Records provided >>
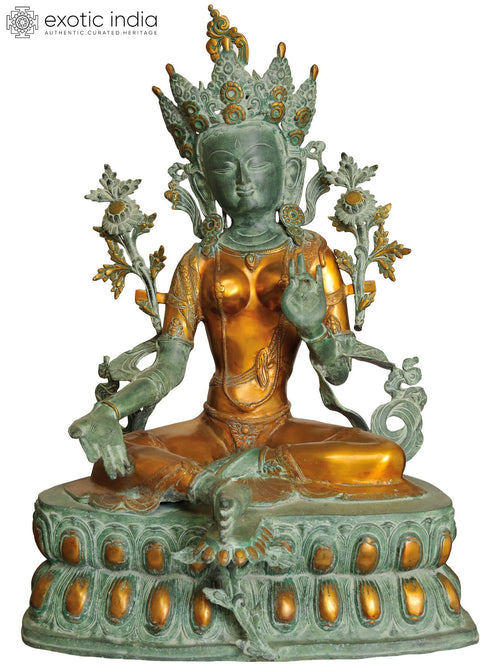 33" Green Tara Brass Statue Handmade Buddhist Goddess Idol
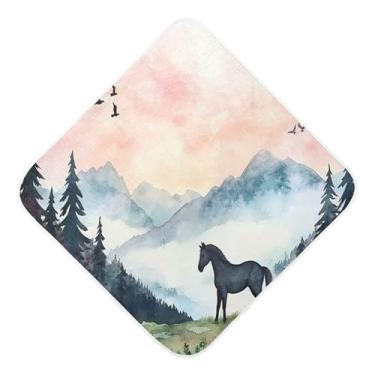 Imagem de Burbuja Toalha de banho de bebê Horse in Mountains - Toalha com capuz de musselina macia e absorvente para recém-nascidos, 89 x 89 cm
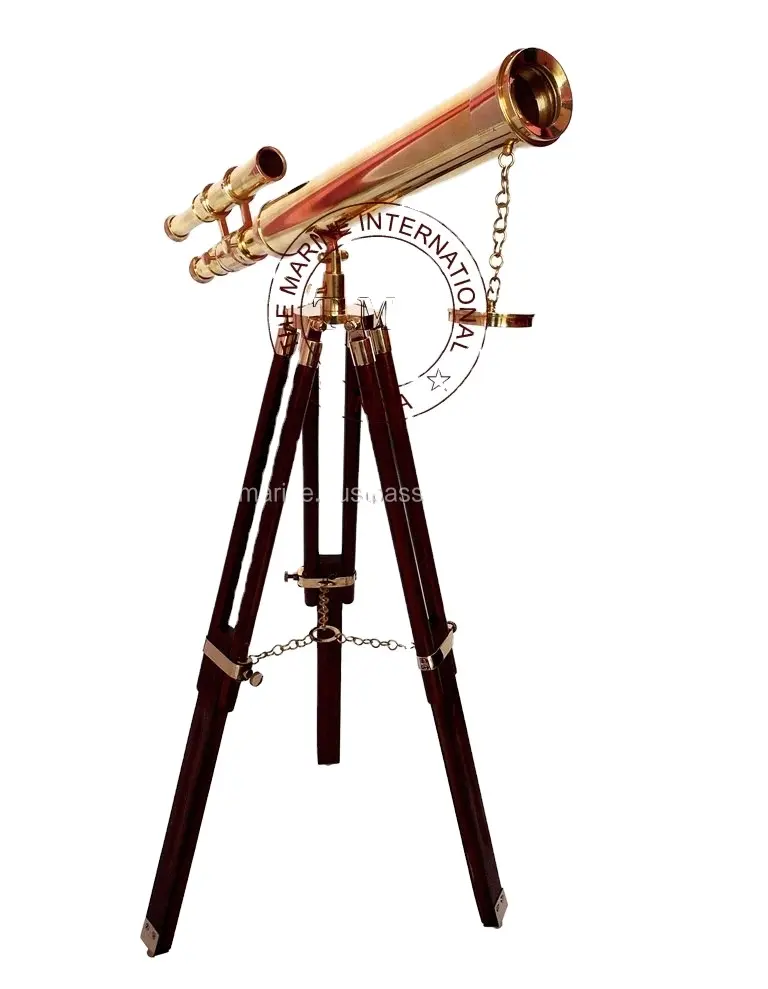 더블 배럴 망원경 삼각대 ~ 소장 해양 선물 ~ 18 "망원경 및 27" 삼각대 높이 해상 황동 나무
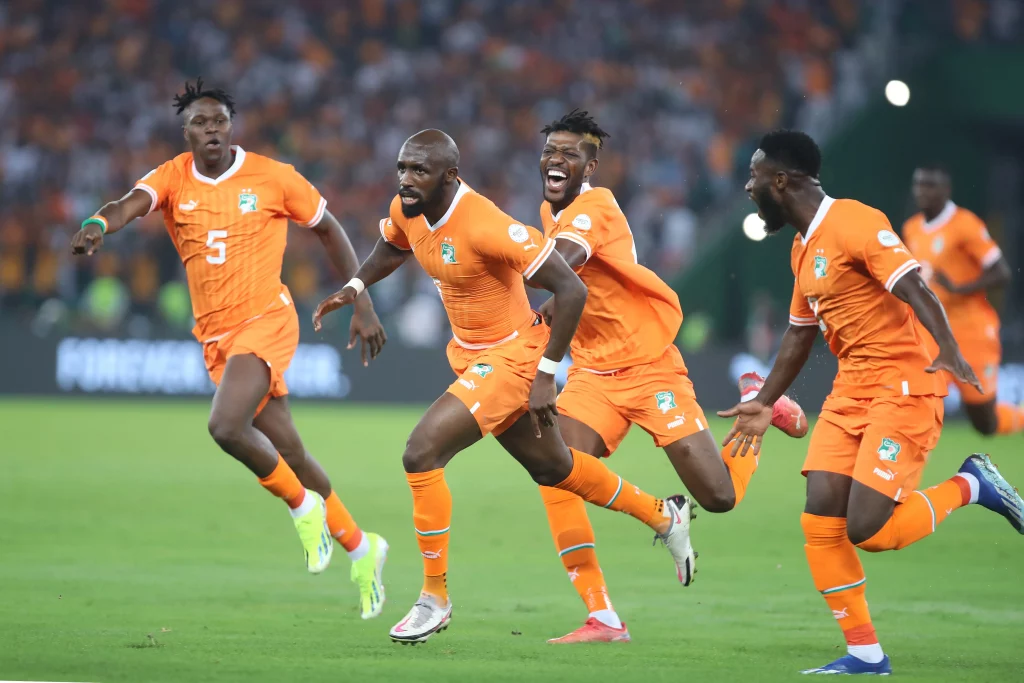 • The Elephants celebrating their opening day win against Guinea Bissau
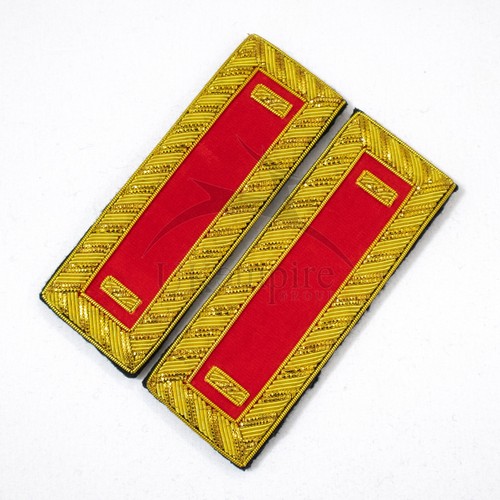 Civil War US Officer Shoulder Boards 1st Lieutenant (One Gold Bar) Artillery Red - Picture 3 of 4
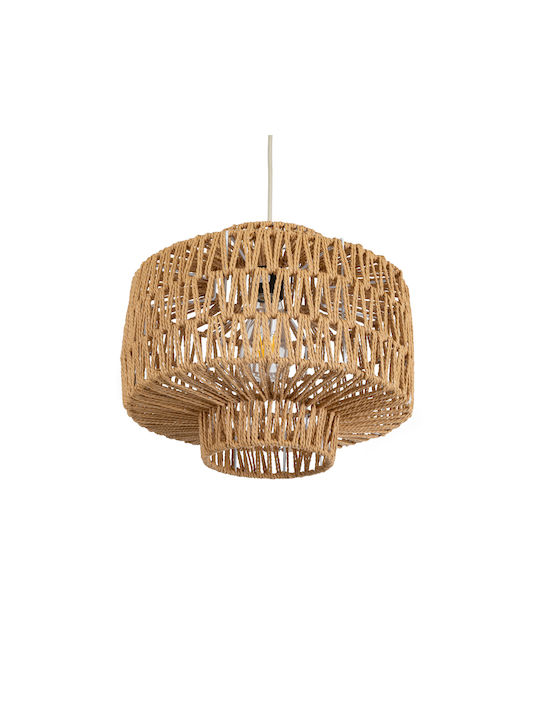 GloboStar Jenson Ceiling Light Brown Boho Grid with E27 Socket 33x35x35cm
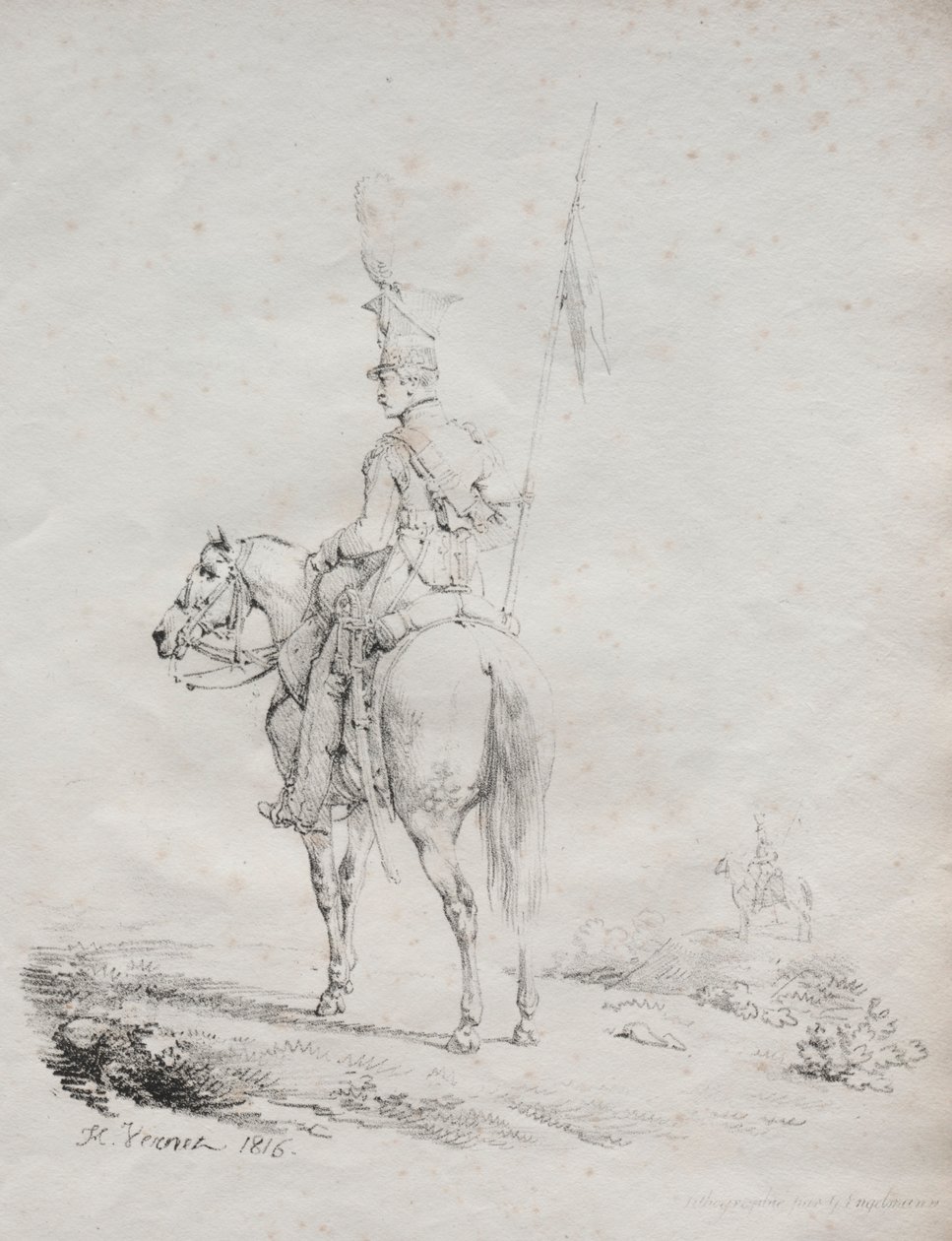 Litográfiai esszék gyűjteménye: Le Lancier en Vedette, 1816. alkotó: Emile Jean Horace Vernet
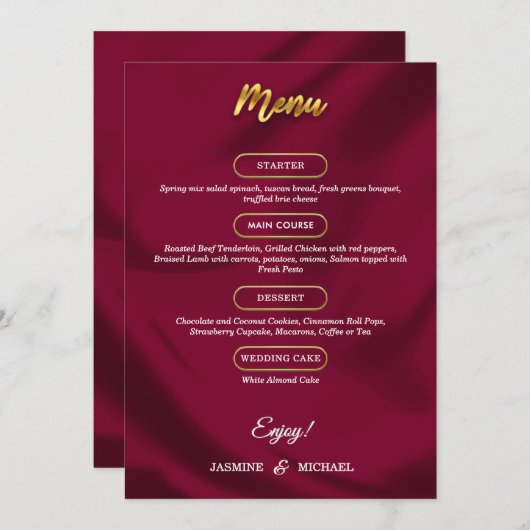 Boho Bourgondië en goud Elegant Script Trouwen Menu (Voorkant / Achterkant)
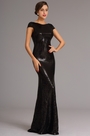 Robe de soirée avec sequins noir dos nu cap manche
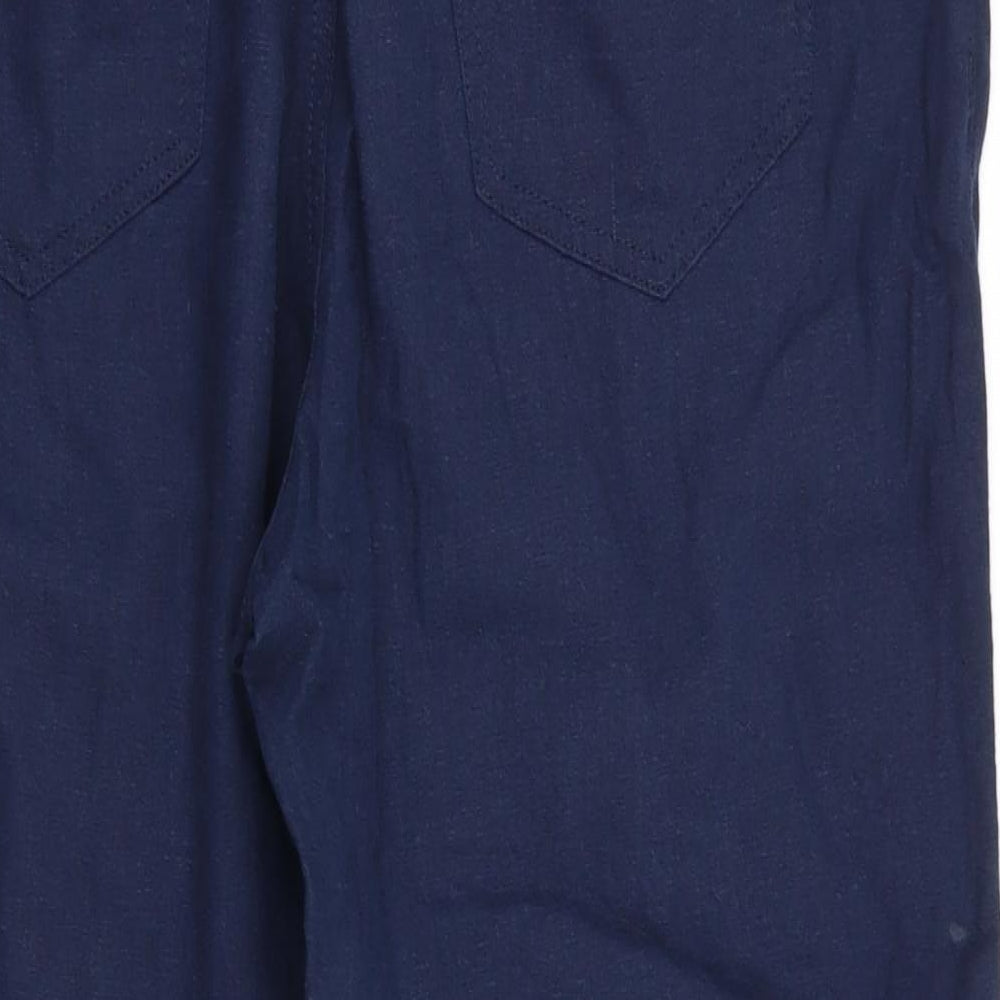 M&S Womens Blue   Trousers  Size 14 L27 in - Stretch waistband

Exercise brief >> Each record above should be repeated exactly, please, without pictures.

Reply >>
 33" Green Tara Brass Statue Handmade Buddhist Goddess Idol
 Imagem de Burbuja Toalha de banho de bebê Horse in Mountains - Toalha com capuz de musselina macia e absorvente para recém-nascidos, 89 x 89 cm
 더블 배럴 망원경 삼각대 ~ 소장 해양 선물 ~ 18 "망원경 및 27" 삼각대 높이 해상 황동 나무
 • The Elephants celebrating their opening day win against Guinea Bissau
 Civil War US Officer Shoulder Boards 1st Lieutenant (One Gold Bar) Artillery Red - Picture 3 of 4
 GloboStar Jenson Ceiling Light Brown Boho Grid with E27 Socket 33x35x35cm
 Litográfiai esszék gyűjteménye: Le Lancier en Vedette, 1816. alkotó: Emile Jean Horace Vernet
 Boho Bourgondië en goud Elegant Script Trouwen Menu (Voorkant / Achterkant)
 Robe de soirée avec sequins noir dos nu cap manche
 M&S Womens Blue   Trousers  Size 14 L27 in - Stretch waistband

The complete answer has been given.